Lilly Wachowski has yet to give a comment about her involvement in the movie, but at the Television Critics Association’s 2019 summer tour, the Wachowski sister explained why she has taken a step back from science fiction. “I sort of feel like I’ve got one foot out the door. I’ve got the exit, and I’m like, ‘Am I in or out? I’m not sure,'” Wachowski explained during a panel for Showtime’s upcoming Work in Progress. The director serves as an executive producer for Abby McEnany’s dramedy about a depressed lesbian woman trying to find a reason not to kill herself.

While she was in this liminal space in her career, Wachowski enrolled in the paint department at the School of the Art Institute in Chicago. “My agent kept sending me stuff, and a lot of science fiction.
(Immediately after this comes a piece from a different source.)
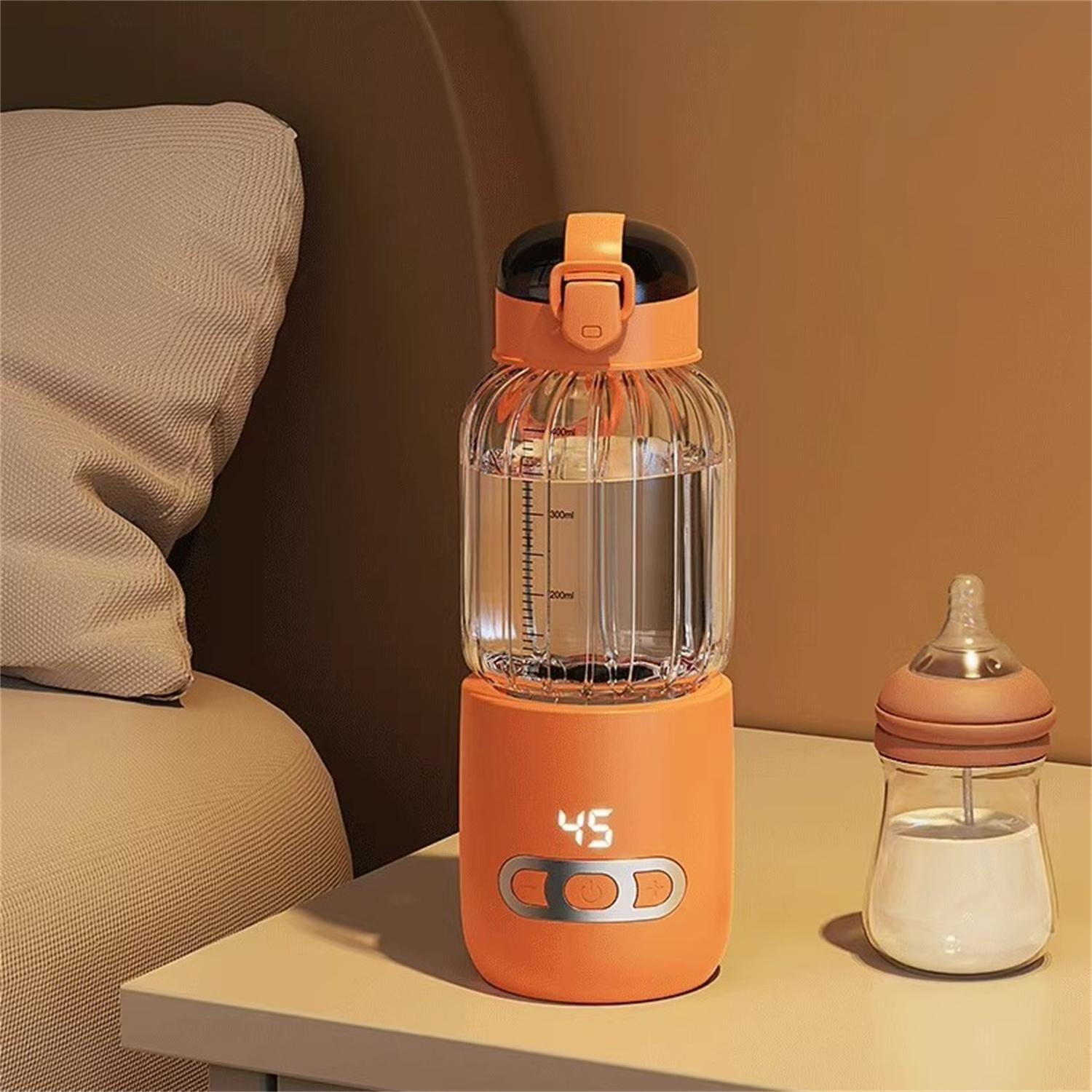 Eine Babyflaschenwärmer-/Mixerkombination mit digitaler Anzeige. Neben dem Wärmer befindet sich eine Flasche.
Great. It’s good stuff, science fiction. You get to talk a lot about a lot of subjects. There’s always fabulous subtext in science fiction,” Wachowski explained. “Since my transition, I’m not really interested in subtext at this time.”

Her agent then sent Wachowski McEnany’s show, and she quickly signed on. “The show is so unusual because whenever you put on a trans person or a queer person in a role like this, it is a revolutionary act, because you don’t see characters like this on TV, really. It just doesn’t happen,” Wachowski said. “I am just, like, ‘Oh, my God, this is really a once in a lifetime opportunity to get involved in something like this.’ And to be an executive producer, I don’t have to do anything. I’m like, ‘Yeah. I’ll do that gig. That sounds great.'”

When asked what it’s been like dealing with a project as frank as Work in Progress as opposed to the subtext of science fiction, Wachowski said it was “super freeing.” “I’m really enjoying writing with this group of people, who are absolutely wonderful and super-duper funny, and being able to engage in this dialogue about queerness and transness and all of these issues, like fat phobia and ageism and all of the and mental illness. It’s all super important to get these messages out there. And so yeah, it was, like, ‘I’m in. Where do I sign?'” Wachowski  said.

Work in Progress premieres on Showtime December 8.